The value of $g$ is calculated by the formula given below.

$g=1+\frac{j\left(j+1\right)+s\left(s+1\right)-l\left(l+1\right)}{2j\left(j+1\right)}$…(2)

Where,

• $j$, $s$ and $l$ are quantum numbers.

The values of $j$, $s$ and $l$ for $\left({}^{\text{4}}{\text{F}}_{\text{3}/\text{2}}\right)$ state are $3/2$, $3/2$ and $3$.

Substitute the values of $j$, $s$ and $l$ in equation (2).

$\begin{array}{rll}g& =& 1+\frac{3/2\left(3/2+1\right)+3/2\left(3/2+1\right)-3\left(3+1\right)}{2\times 3/2\left(3/2+1\right)}\\ & =& 1+\frac{15/4+15/4-12}{30/4}\\ & =& 1+\frac{30/4-12}{30/4}\\ & =& 1-\frac{18/4}{30/4}\end{array}$

Simplify the above equation.

$\begin{array}{rll}g& =& 1-\frac{3}{5}\\ & =& \frac{2}{5}\end{array}$

One gauss equals to $1.0\times {10}^{-4}\text{T}$. Therefore $5.57\times {10}^3\text{G}$ will be equal to $0.557\text{T}$.

The value of ${\text{μ}}_B$ and $B$ are ($\text{9}\text{.274}\times {\text{10}}^{-\text{24}}\text{J}/\text{T}$) and $0.557\text{T}$.

Substitute the values of ${\text{μ}}_B$, $B$ and $g$ in equation (1).

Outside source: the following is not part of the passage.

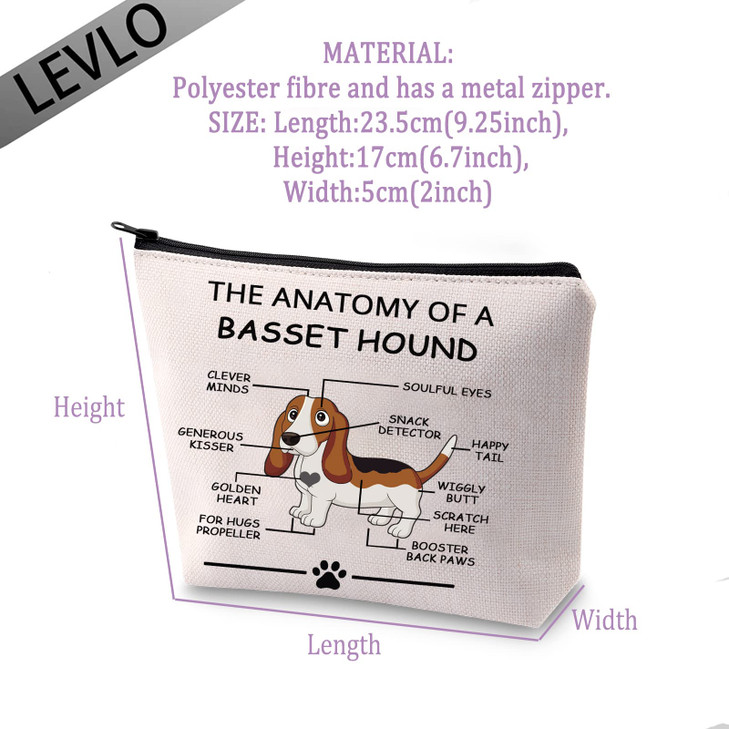LEVLO Funny Dog Lovers Gifts The Anatomy of A Basset Hound Cosmetic Bags Veterinary Mom Travel Toiletry Bags Basset Houn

When $M_J=\left(-\frac{3}{2}\right)$,

$\begin{array}{rll}\Delta E& =& g\cdot {\text{μ}}_B\cdot M_J\cdot B\\ & =& \frac{2}{5}\times 9.274\times {10}^{-24}\text{J}/\text{T}\times \left(-\frac{3}{2}\right)\times 0.557\text{T}\\ & =& \left(-\frac{3}{5}\right)\times 5.165\times {10}^{-24}\text{J}\\ & =& -3.10\times {10}^{-24}\text{J}\end{array}$

When $M_J=\left(-\frac{1}{2}\right)$,

$\begin{array}{rll}\Delta E& =& g\cdot {\text{μ}}_B\cdot M_J\cdot B\\ & =& \frac{2}{5}\times 9.274\times {10}^{-24}\text{J}/\text{T}\times \left(-\frac{1}{2}\right)\times 0.557\text{T}\\ & =& \left(-\frac{1}{5}\right)\times 5.165\times {10}^{-24}\text{J}\\ & =& -1.03\times {10}^{-24}\text{J}\end{array}$

When $M_J=0$, $\Delta E$ will be zero.

When $M_J=\frac{3}{2}$,

$\begin{array}{rll}\Delta E& =& g\cdot {\text{μ}}_B\cdot M_J\cdot B\\ & =& \frac{2}{5}\times 9.274\times {10}^{-24}\text{J}/\text{T}\times \frac{3}{2}\times 0.557\text{T}\\ & =& \frac{3}{5}\times 5.165\times {10}^{-24}\text{J}\\ & =& 3.10\times {10}^{-24}\text{J}\end{array}$

When $M_J=\frac{1}{2}$,

$\begin{array}{rll}\Delta E& =& g\cdot {\text{μ}}_B\cdot M_J\cdot B\\ & =& \frac{2}{5}\times 9.274\times {10}^{-24}\text{J}/\text{T}\times \frac{1}{2}\times 0.557\text{T}\\ & =& \frac{1}{5}\times 5.165\times {10}^{-24}\text{J}\\ & =& 1.03\times {10}^{-24}\text{J}\end{array}$

Conclusion

The $\Delta E$ values experienced by the ground state $\left({}^{\text{4}}{\text{F}}_{\text{3}/\text{2}}\right)$ energy levels of $\text{V}$ atom are $-3.10\times {10}^{-24}\text{J}$, $-1.03\times {10}^{-24}\text{J}$, $+1.03\times {10}^{-24}\text{J}$ and $+3.10\times {10}^{-24}\text{J}$.